ENTRIES PROVIDED:

--

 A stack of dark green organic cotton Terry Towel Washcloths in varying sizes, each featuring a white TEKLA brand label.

--

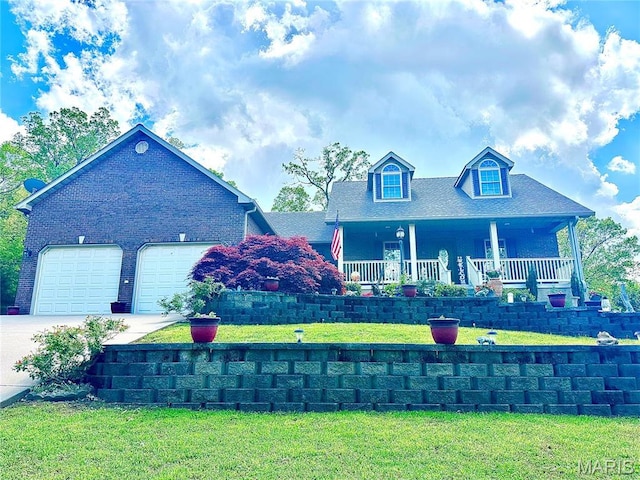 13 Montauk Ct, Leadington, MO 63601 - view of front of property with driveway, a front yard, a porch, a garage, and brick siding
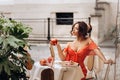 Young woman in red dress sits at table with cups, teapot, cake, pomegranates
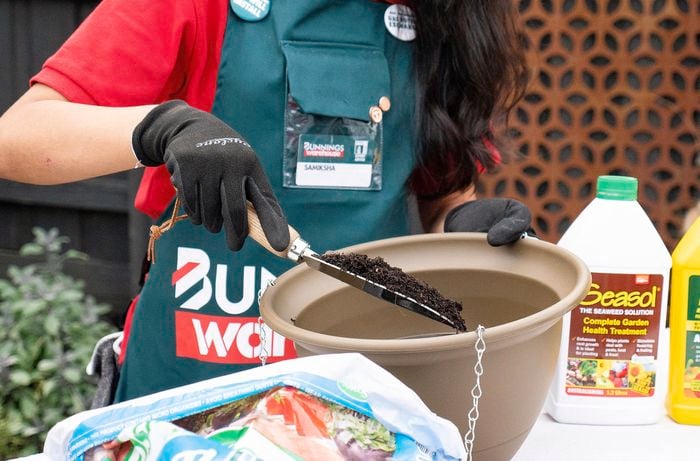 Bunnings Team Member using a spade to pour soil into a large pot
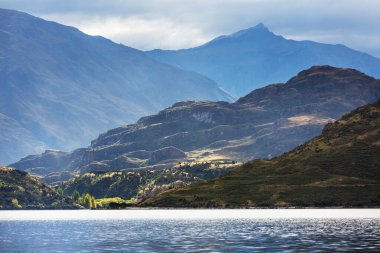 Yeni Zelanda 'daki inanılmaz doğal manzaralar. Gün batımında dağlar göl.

--

EXERCISE DIRECTIONS:
Everything above from the line containing "Bunnings Team Member" down to the line containing "Yeni Zelanda 'daki" is to be duplicated exactly, both lines included, and the pictures are to be omitted.

RESULT FOR THIS TASK:
 Bunnings Team Member using a spade to pour soil into a large pot
 Yeni Zelanda 'daki inanılmaz doğal manzaralar. Gün batımında dağlar göl.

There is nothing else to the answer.